The Foolishness of the Cross

“For the word of the cross, to them indeed that perish, is foolishness; but to them that are saved, that is, to us, it is the power of God.” I Corinthians 1:18

Based on St Paul’s text, Geoffrey Babion, a twelfth-century theologian, explained how God chose a seemingly foolish way to redeem sinful human beings.  Only the faithful could see something so outwardly shameful as a man dying in a horrific manner on a cross  as the power of God.  Geoffrey, then, gave a lengthy explanation of humanity’s fall and Christ’s redemption:

“When he was similar to God, the man had honor.  He did not understand, when he sinned.  Therefore, he was made similar to a beast of burden, when by sinning he became irrational.  Two creatures had sinned, namely, the devil and the man.

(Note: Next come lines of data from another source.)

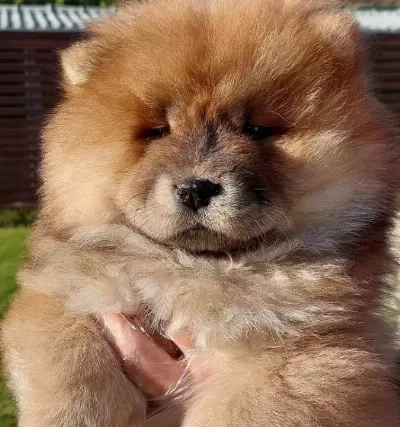 Kabarık Kurklu Chow Chow Yavruları Istanbul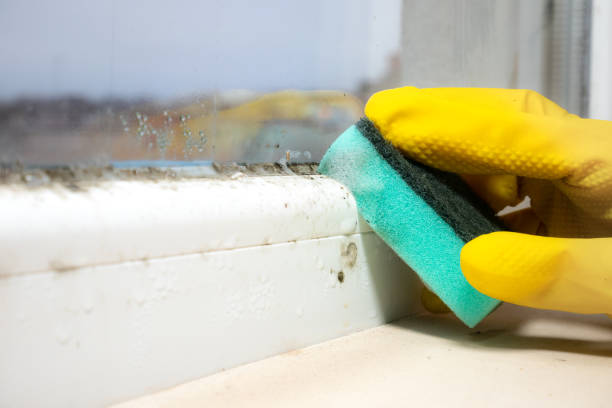 Best Certified Mold Removal  in Hamburg, IA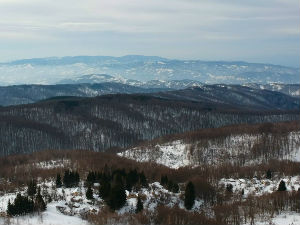 Завејани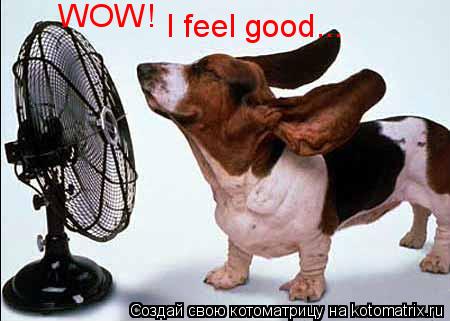 WOW! I feel good...... Котоматрица: WOW! I feel good...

But one [sinned] by himself, and the other [sinned] through another.  Therefore, since the devil [sinned] by himself, he did not deserve to be restored, particularly since he consists of such a subtle and spiritual essence.  The man, since he was made from dirt, since he was deceived by such a cunning tempter, did not lose the hope of forgiveness.  Therefore, although God and man were such opposites, neither the hope of forgiveness or redemption by such a just judge should be denied.  Divine providence looked for the most equitable manner of reconciliation.  For reason demanded that whoever wants to join two contrary things together, places such a thing between them that has a connection with both things.” Geoffrey Babion [Falsely attributed to Hildebert], In festo exaltationis sanctae crucis, PL 171: 683C-D [My translation]

Geoffrey demonstrates a great familiarity with the teachings regarding the fall of humanity and redemption in the twelfth-century schools here.  His explanation in this sermon reflects Anselm of Canterbury’s basic doctrine of reconciliation of sinful human beings with a just God in his famous dialogue, Why God Became Man.  Notice how Geoffrey continued in the next section:

“Moreover, when such from one part was God, the ignoble man was so much from the other part, so that they had to be reconciled, and through such a mediator, who was God and a human being.  If He had wanted to redeem angels, He would have taken on the angelic nature, but since He determined that only human beings were worthy for redemption, He took on human nature, a subservient person in a reasonable manner.” Ibid., 683C-684A.